What truly determines whether AI pushes people into deeper alienation or helps them escape some forms of it is which societal logic it is plugged into.
If it continues to be plugged into the growth engine, then it will only transform cognitive surrender into a new production discipline. It will make people produce more 'their own' texts, plans, and judgments faster, yet they will form themselves less and less within these outcomes.
In the Era Before Full AI Replacement, We Face the Most Exhausting Liquidity
Of course, the socio-cultural engine layered over centuries of history will not stall immediately. We are about to face a near-term future that is almost irreversibly bleak.
According to the weak link theory in economics, AI will not directly replace humans but will instead exacerbate the previous processes, relocating humans onto a narrower, higher-pressure, and more unstable production chain.
In a highly complementary production system, the overall output is not determined by the fastest link but is bottlenecked by the slowest, hardest-to-compress, hardest-to-automate link. AI can quickly make writing, programming, searching, drafting, summarizing, customer service, scheduling, and data analysis much cheaper. But as long as the entire chain still involves responsibility, trust, coordination, exception handling, client relationships, ethical judgment, organizational politics, and final sign-off, the system will still need humans.

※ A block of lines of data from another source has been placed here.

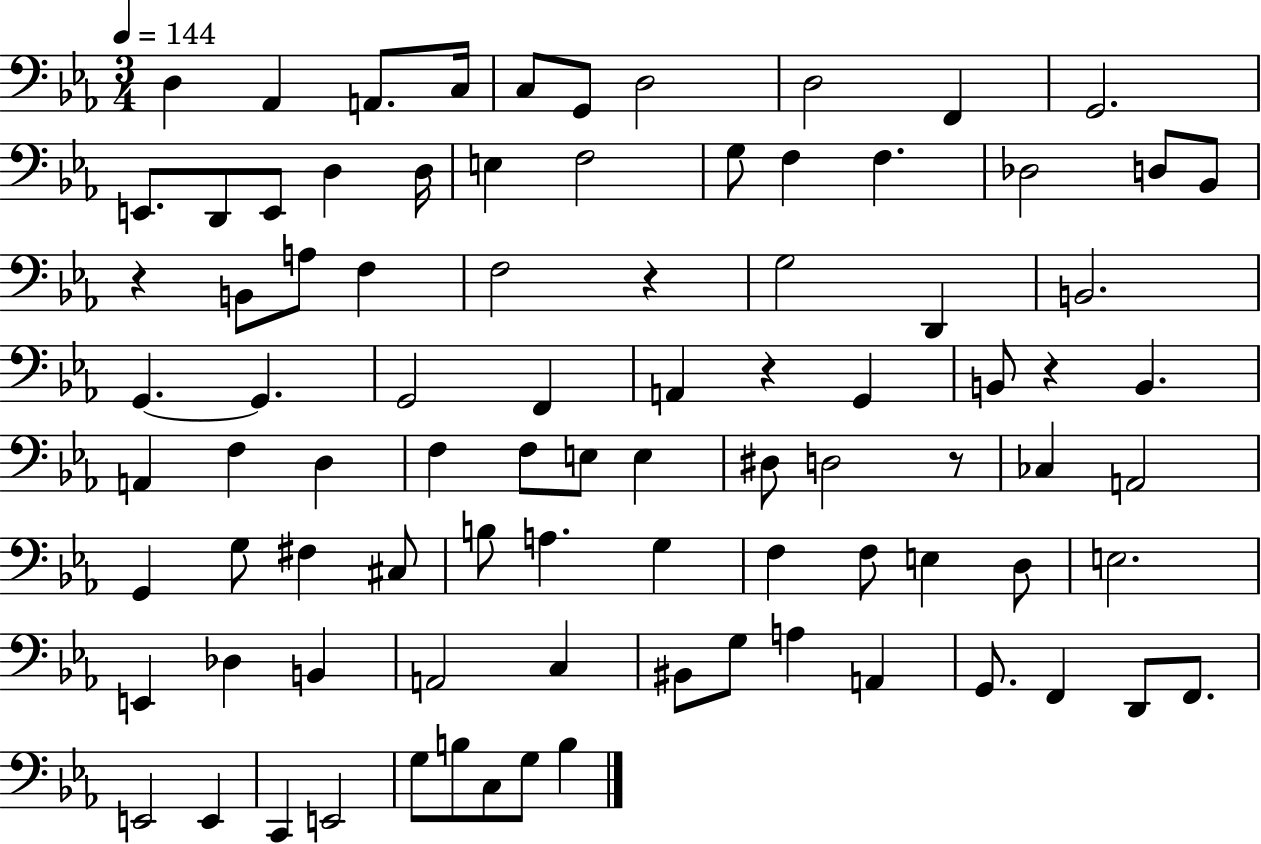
X:1
T:Untitled
M:3/4
L:1/4
K:Eb
D, _A,, A,,/2 C,/4 C,/2 G,,/2 D,2 D,2 F,, G,,2 E,,/2 D,,/2 E,,/2 D, D,/4 E, F,2 G,/2 F, F, _D,2 D,/2 _B,,/2 z B,,/2 A,/2 F, F,2 z G,2 D,, B,,2 G,, G,, G,,2 F,, A,, z G,, B,,/2 z B,, A,, F, D, F, F,/2 E,/2 E, ^D,/2 D,2 z/2 _C, A,,2 G,, G,/2 ^F, ^C,/2 B,/2 A, G, F, F,/2 E, D,/2 E,2 E,, _D, B,, A,,2 C, ^B,,/2 G,/2 A, A,, G,,/2 F,, D,,/2 F,,/2 E,,2 E,, C,, E,,2 G,/2 B,/2 C,/2 G,/2 B,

Humans are compressed into a responsibility bottleneck. More low-intensity tasks will be siphoned away, and any breathing room will be eliminated. What remains is almost entirely high-density judgment. In this accelerating process of skill obsolescence, what you learn increasingly resembles a temporary pass, only ensuring you won't be swallowed by the next round of automation. A person is still in the flow, but can no longer be called a labor subject; they are more like a stamping point on a cognitive production line.

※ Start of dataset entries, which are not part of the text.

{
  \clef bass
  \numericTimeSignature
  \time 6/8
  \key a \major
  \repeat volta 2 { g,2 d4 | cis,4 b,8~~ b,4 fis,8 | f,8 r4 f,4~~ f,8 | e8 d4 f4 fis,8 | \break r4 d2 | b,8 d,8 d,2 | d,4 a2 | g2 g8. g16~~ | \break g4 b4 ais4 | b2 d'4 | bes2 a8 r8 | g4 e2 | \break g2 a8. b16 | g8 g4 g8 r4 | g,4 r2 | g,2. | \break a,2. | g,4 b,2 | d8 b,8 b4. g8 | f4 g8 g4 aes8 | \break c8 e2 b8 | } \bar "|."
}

Fluidity, insecurity, and exhaustion will reach their peak in this unfinished, intensifying alienation.
Until one day, either this growth engine no longer holds the power to explain everything, or humans are completely excluded from the labor cycle.
Only then will another path appear. Only then might the cognitive bandwidth released by AI not be immediately captured by the performance system.
05
The Possibility of Another Path
Oxford philosopher Nick Bostrom, a seminal figure in current mainstream AI ethics theory, attempts to answer a question in his book Deep Utopia: When a super-AI perfectly solves all instrumental problems, and all human material needs and daily decisions are properly taken care of, what reason is left for humans to act?

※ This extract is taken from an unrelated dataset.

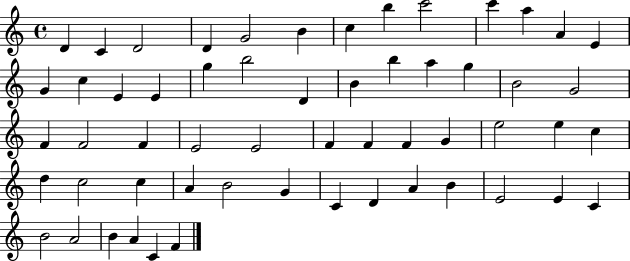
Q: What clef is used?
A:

In that era, the value of growth for an individual will necessarily be greatly diminished.
He envisions that perhaps, after that point, humanity will fully transition to 'Autotelic Activities.'
These activities are valuable not because they produce some useful outcome (since a machine could always produce it better), but because the process of the activity itself has intrinsic value, forming a self-sufficient loop.
A person is no longer a cog mechanically moving to complete a task, but a living subject existing for relationships, play, aesthetics, exploration, and self-cultivation.
Efficiency and ability may both become far less important. What a person must answer are their own questions about meaning.
So, if you ask me, 'How can you get the most benefit from AI?' My answer is: survive the present, and wait for the almost inevitable stalling of the engine of alienation.